'It is a capital mistake to theorize before one has data. Insensibly one begins to twist facts to suit theories, instead of theories to suit facts.'
But using this data wisely would increase insight into internal policies and processes while providing a better understanding of the trends, behavior patterns, etcetera. This insight could then be used to increase efficiency and profitability and to prevent fraud.
In order to get the most out of your data you need to determine in advance what you want to do with it (use it for marketing, fraud prevention, sales opportunity improvement, etc.), how you want to use it (what kind of tools and skillsets are required) and how you align the data with your processes (the flow of your data should be in line with the value stream).

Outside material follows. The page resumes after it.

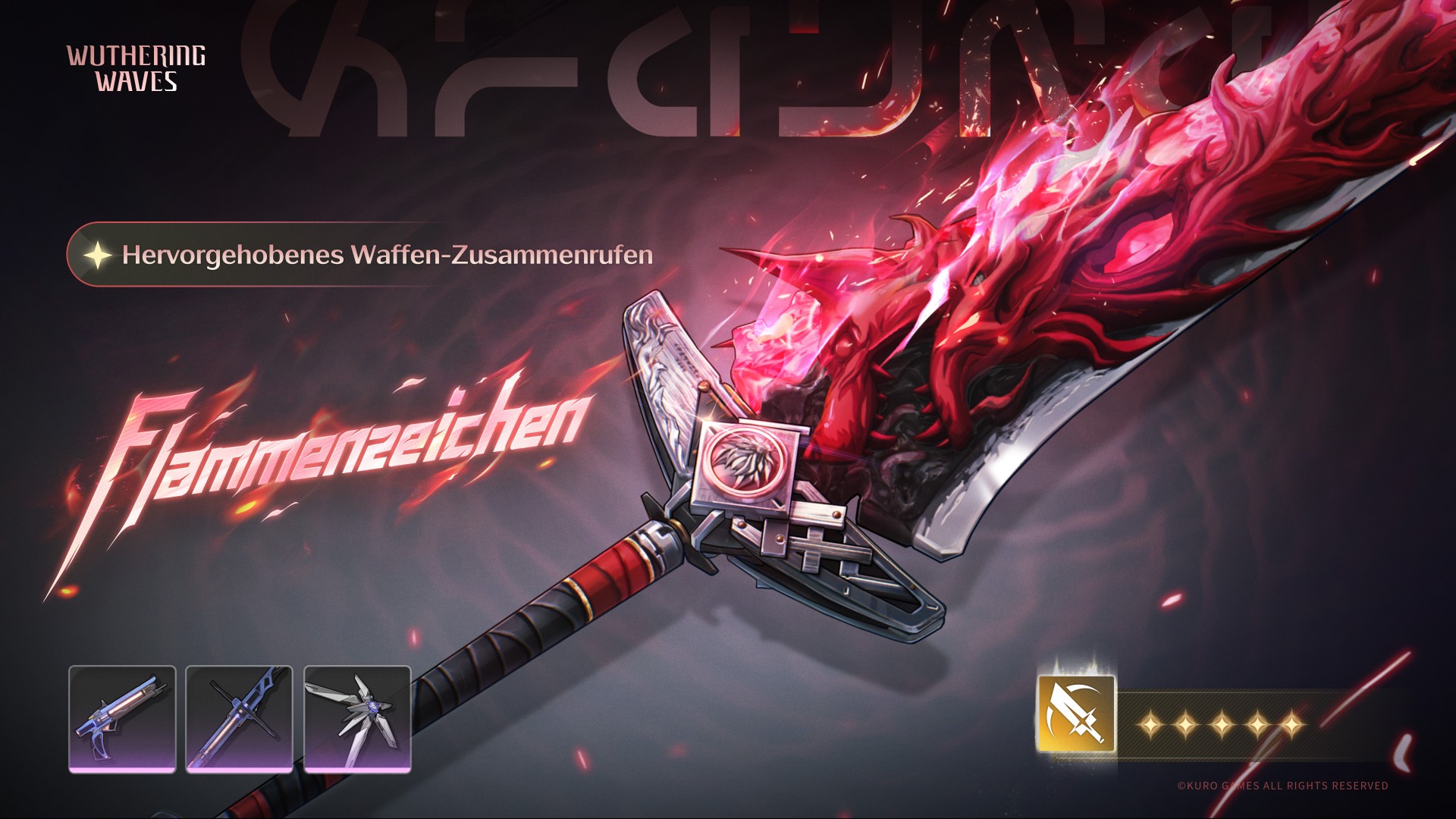 Offizielle Website von Wuthering Waves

What do you need to use your data better?
Data quality. Data that is complete, accurate, valid and timely is essential for making the right decisions. To do this right, start at the source. The moment data is entered (manually or automatically), it is essential to have the proper controls in place and to make sure the data fits the definitions and formats. Bad data can interrupt the process of detecting fraudulent activities from external or sometimes internal origins. There are a multitude of data quality tools available including from companies like SAP, IBM and Informatica. But the key to good data management is not the particular tool, but in having the right people and processes.
Analytics. Reliable, adequate and timely data is a first step. Knowing how to properly use, interpret, and put the data into action is the next one. Effective insight comes with the right set of skills and education. In order to detect fraud the right set of statistical, IT, regulatory, financial and payment knowledge is essential. GlobalCollect customers have a tool we call Elevate, designed specifically to analyze eCommerce payments and chargebacks.
- Executing on knowledge. Next you need to turn knowledge into practice. Don't fall victim to big reports with many graphs, tables and figures that just sit on some managers’ desk and are forgotten.
- Integral data strategy. In order to properly integrate data analytics into day-to-day procedures, an overall data strategy needs to be adopted. All branches of the business need to be fully aware of the impact and potential of the data they are working with. It needs to be a key element of their everyday business.
After having established these aspects, you need to maintain the “data-mindset” among the people involved with all the processes. Staff needs to be trained and measured in order to ensure continuous improvement. This will create a competitive advantage and will further increase the profitability of your company. Fraudulent activities can be detected early, thus reducing costs from reputational loss or direct losses.